With his long face and expressive grimaces, Federal Reserve chair Jerome Powell might have played a powerful Ebenezer Scrooge, the repentant anti-hero of Charles Dickens’s A Christmas Carol.
Certainly that is how stock markets seemed to see him yesterday after the U.S. central banker hiked rates for the fourth time this year.
Powell and his team of advisers did repent somewhat, saying there would likely only be two rate increases in 2019 instead of the anticipated three. But that apparently didn’t satisfy the Dow Jones Industrial average.
Markets rise then plunge
Initially, the markets went up after the central bank released its statement revealing that, as expected, it was raising rates again, for a total hike of one full percentage point for the year.
But as Powell responded to reporters’ questions in the news conference that followed, the Dow steadily declined by 700 points. By the end of the day, the index had hit its low for the year.
The decline was described as the worst response to a rate hike since 1994, when the Fed of that time raised rates 2.5 percentage points in a year.
However, it was not obvious exactly what the markets were responding to yesterday. Before the Fed announcement, most analysts said the rate hike was locked in and markets had already taken it into account.
In fact, the two-stage process of a Fed release seemed to confirm that was true. Immediately after the printed document came out at 2 p.m., showing that rates would indeed go up by a quarter point, the market began to climb.
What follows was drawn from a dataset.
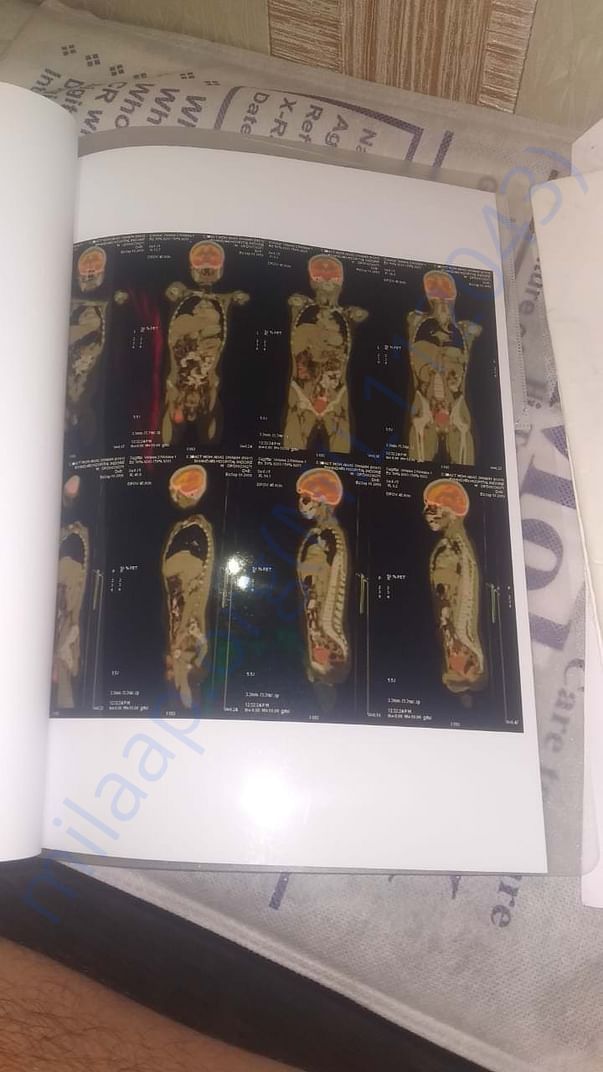 Anas Xray3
Some of the analysis before Powell’s release had warned there could be consequences if he decided not to raise rates. According to that thinking, pulling back from a rate hike now would show the Fed had real fears for the economy.
But as Powell revealed in his news conference, that was absolutely not the case.
“Our forecast for next year is, I think, in keeping with most other forecasts — that we’ll still have solid growth next year, declining unemployment and a healthy economy,” Powell said.
Recession not in the cards
While economic growth won’t be as strong as the bumper year gone by, with its flood of tax cuts and fiscal spending, the economy in 2019 will be nowhere near recession.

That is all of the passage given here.